*** Begin section ***

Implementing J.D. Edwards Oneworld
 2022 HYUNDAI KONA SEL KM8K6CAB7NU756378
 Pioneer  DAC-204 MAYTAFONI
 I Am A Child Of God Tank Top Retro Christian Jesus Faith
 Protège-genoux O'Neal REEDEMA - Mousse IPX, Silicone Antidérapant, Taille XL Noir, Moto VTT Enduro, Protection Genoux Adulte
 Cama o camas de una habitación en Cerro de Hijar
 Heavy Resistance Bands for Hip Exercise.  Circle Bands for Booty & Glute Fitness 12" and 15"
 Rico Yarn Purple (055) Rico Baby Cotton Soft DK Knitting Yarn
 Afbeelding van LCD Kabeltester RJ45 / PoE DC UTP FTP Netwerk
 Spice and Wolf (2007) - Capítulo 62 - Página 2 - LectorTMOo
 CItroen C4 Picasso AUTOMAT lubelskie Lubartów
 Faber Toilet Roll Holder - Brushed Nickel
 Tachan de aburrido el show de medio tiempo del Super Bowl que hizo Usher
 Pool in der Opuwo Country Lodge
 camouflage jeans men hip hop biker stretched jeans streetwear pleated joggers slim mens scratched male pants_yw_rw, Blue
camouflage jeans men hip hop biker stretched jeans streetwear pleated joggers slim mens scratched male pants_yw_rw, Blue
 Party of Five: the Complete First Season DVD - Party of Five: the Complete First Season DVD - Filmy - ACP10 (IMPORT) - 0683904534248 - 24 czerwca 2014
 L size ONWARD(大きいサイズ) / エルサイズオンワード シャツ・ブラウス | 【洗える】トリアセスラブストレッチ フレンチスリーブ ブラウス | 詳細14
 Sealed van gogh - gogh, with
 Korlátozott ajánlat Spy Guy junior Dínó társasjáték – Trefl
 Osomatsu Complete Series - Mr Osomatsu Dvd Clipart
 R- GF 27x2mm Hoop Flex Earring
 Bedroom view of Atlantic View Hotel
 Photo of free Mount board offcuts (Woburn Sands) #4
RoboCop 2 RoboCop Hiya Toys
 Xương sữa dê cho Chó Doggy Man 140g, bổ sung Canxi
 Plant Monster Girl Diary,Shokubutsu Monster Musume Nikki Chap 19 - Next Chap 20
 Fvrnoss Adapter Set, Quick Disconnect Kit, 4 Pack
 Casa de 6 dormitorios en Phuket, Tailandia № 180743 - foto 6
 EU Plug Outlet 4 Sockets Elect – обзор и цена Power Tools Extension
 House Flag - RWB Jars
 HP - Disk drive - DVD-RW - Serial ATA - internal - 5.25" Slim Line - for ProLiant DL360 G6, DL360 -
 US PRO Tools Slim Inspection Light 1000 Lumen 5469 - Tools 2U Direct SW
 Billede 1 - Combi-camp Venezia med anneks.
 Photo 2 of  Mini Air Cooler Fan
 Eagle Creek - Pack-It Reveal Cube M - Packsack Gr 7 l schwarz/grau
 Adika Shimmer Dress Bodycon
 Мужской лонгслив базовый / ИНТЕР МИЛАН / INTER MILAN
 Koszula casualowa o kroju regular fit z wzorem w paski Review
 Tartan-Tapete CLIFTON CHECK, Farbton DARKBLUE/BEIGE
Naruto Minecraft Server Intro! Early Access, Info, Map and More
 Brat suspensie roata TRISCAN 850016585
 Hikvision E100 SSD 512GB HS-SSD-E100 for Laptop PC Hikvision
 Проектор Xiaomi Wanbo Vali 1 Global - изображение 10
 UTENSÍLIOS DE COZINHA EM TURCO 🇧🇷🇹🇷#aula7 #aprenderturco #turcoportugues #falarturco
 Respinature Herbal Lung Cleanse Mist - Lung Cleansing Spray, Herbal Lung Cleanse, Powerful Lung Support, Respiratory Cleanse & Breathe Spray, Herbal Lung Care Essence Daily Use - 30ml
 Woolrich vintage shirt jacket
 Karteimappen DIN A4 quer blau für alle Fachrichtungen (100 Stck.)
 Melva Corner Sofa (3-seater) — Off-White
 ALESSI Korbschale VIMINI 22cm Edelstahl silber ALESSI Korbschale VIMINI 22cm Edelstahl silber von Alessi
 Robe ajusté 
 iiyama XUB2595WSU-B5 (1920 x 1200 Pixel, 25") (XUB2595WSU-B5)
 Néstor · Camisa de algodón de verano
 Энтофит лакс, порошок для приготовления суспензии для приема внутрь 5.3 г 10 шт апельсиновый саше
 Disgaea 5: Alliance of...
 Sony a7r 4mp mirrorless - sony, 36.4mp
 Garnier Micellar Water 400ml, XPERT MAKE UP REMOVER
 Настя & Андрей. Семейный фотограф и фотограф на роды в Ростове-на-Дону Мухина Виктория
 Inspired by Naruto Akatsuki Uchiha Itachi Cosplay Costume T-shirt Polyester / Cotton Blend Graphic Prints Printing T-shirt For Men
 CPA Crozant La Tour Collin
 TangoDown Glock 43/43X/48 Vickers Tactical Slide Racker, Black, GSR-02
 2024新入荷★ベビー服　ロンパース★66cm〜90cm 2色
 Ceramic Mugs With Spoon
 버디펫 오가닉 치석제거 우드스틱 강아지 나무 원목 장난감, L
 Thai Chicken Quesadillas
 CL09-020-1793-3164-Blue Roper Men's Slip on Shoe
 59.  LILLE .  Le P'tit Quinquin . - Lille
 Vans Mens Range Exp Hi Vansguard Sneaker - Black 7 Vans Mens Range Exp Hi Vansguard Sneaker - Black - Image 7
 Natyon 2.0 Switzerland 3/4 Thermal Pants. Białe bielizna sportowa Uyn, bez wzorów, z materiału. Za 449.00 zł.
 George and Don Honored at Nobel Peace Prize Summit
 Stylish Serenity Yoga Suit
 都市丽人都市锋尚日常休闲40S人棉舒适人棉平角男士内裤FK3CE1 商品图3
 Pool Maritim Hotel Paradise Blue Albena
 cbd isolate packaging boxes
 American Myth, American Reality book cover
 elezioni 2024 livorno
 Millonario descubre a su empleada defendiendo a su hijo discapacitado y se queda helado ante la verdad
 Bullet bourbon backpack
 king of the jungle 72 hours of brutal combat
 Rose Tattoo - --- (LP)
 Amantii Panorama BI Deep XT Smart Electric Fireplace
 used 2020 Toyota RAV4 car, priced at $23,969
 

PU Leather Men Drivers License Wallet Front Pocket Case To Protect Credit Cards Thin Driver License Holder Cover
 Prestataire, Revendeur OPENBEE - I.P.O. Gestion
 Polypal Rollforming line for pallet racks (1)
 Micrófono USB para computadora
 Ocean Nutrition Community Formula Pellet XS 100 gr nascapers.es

*** End section ***

_Exercise_:
Show all lines from the data that contain "Pool".

_Response area_:
 Pool in der Opuwo Country Lodge
 Pool Maritim Hotel Paradise Blue Albena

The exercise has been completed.